Updated: Nov 22, 2022

I’ve been reading a book called “Grief Day by Day” by Jan Warner this year. Many of the chapters have resonated with me but not completely because a lot of the people mentioned were experiencing spousal or parental grief. Yes, those are hard things to go through. I have not experienced grief from the perspective of a widow, but I have experienced losing my dad as a young child. I do find that those losses are different to some degree. I’m not saying any less difficult, just different. The only way I can explain it is that when your child dies, a part of you goes with them. This tiny body, formed within your body (if you are the mother) is something you have nurtured from the day of conception until the moment the coffin was shut. It is a startling and devastating feeling when you are no longer able to nurture your child.

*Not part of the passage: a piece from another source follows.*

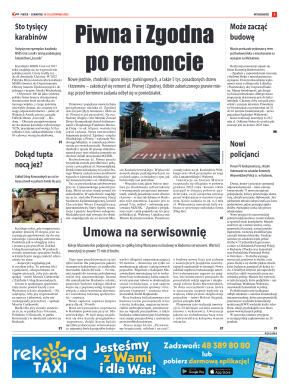 Tygodnik "7 Dni" nr 884 z dn. 10.11.2023 r. - strona 3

Often we parents try to fill that need to nurture and thus remember our child by decorating the grave, making memory items, serving others, and in my case, writing about loss. By writing, I not only share my heart and emotions, but I hope that I minister to others in need speaking the words they can’t find to say. Sharing the hurts that they don’t know how to share. Understanding the pain and not shying away from it. Today, I read a name for that type of ministry—The Ministry of Presence.



The book I mentioned earlier went on to share a few quotes that really hit me.

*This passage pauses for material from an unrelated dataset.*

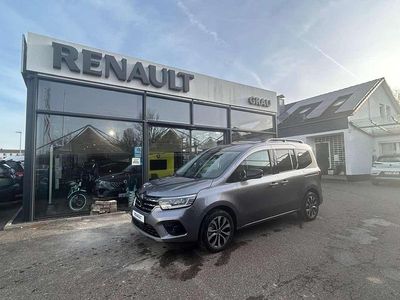 Neu Renault Kangoo Techno 131 PS (96 kW) 2025 Stahl grau Van / Kleinbus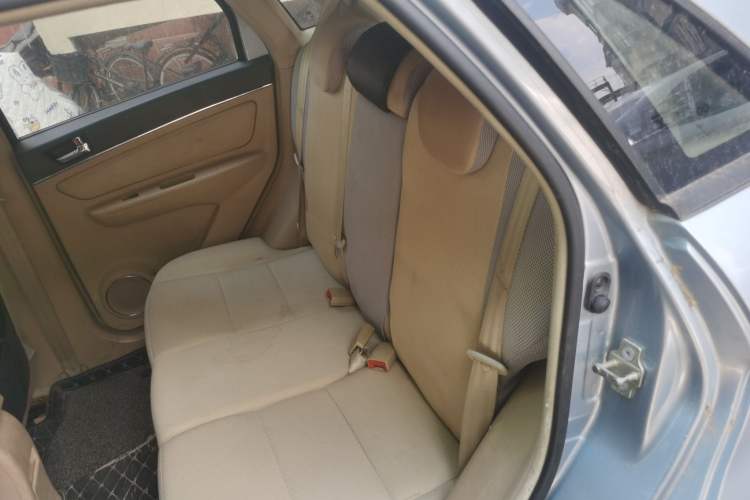 Used BAIC E Series 2012 Hatchback 1.3L Manual Liking Edition Left Rear Seat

“𝑰 𝒔𝒉𝒐𝒘 𝒎𝒚 𝒔𝒄𝒂𝒓𝒔 𝒔𝒐 𝒕𝒉𝒂𝒕 𝒐𝒕𝒉𝒆𝒓𝒔 𝒌𝒏𝒐𝒘 𝒕𝒉𝒆𝒚 𝒄𝒂𝒏 𝒉𝒆𝒂𝒍”. -𝑹𝒉𝒂𝒄𝒉𝒆𝒍𝒍𝒆 𝑵𝒊𝒄𝒐𝒍



I don’t claim I am healed from our loss, but this idea of ministering through being present with others who are hurting calls to me greatly. I will share my hurts, my scars, and my sorrow, so you know you are not alone in yours.

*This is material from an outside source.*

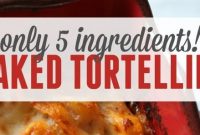 Easy Baked Tortellini Recipe - Healthy Living and Lifestyle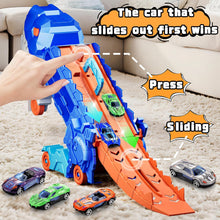 Dinosaur Transport Truck Car Toy For Kids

“𝐈’𝐦 𝐧𝐨𝐭 𝐫𝐞𝐚𝐥𝐥𝐲 𝐡𝐞𝐫𝐞 𝐭𝐨 𝐤𝐞𝐞𝐩 𝐲𝐨𝐮 𝐟𝐫𝐨𝐦 𝐟𝐫𝐞𝐚𝐤𝐢𝐧𝐠 𝐨𝐮𝐭, 𝐈’𝐦 𝐡𝐞𝐫𝐞 𝐭𝐨 𝐛𝐞 𝐰𝐢𝐭𝐡 𝐲𝐨𝐮 𝐰𝐡𝐢𝐥𝐞 𝐲𝐨𝐮 𝐟𝐫𝐞𝐚𝐤 𝐨𝐮𝐭, 𝐨𝐫 𝐠𝐫𝐢𝐞𝐯𝐞 𝐨𝐫 𝐥𝐚𝐮𝐠𝐡 𝐨𝐫 𝐬𝐮𝐟𝐟𝐞𝐫 𝐨𝐫 𝐬𝐢𝐧𝐠. 𝐈𝐭 𝐢𝐬 𝐚 𝐦𝐢𝐧𝐢𝐬𝐭𝐫𝐲 𝐨𝐟 𝐩𝐫𝐞𝐬𝐞𝐧𝐜𝐞. 𝐈𝐭 𝐢𝐬 𝐬𝐡𝐨𝐰𝐢𝐧𝐠 𝐮𝐩 𝐰𝐢𝐭𝐡 𝐚 𝐥𝐨𝐯𝐢𝐧𝐠 𝐡𝐞𝐚𝐫𝐭.” -𝐊𝐚𝐭𝐞 𝐁𝐫𝐚𝐞𝐬𝐭𝐫𝐮𝐩



That’s another important aspect of grief. People are not comfortable with grief. They want to make you better. When someone show up for a grieving friend, they may be expecting to sit in silence or even tears, as their friend recounts their loss. While there are times of that, there are also times of laughing and smiles, stories of good times, and precious memories that flow from a broken heart. I can’t fix a person’s loss or make their hurts better. No, not any more than someone can bring my Millie back to me, but I can give them time to remember. I can, however, make it a priority to let someone know their child, spouse, or parent is never forgotten. To forget the place our loved one held in our lives is to deny our own history. We would not be who we are without their influence on us.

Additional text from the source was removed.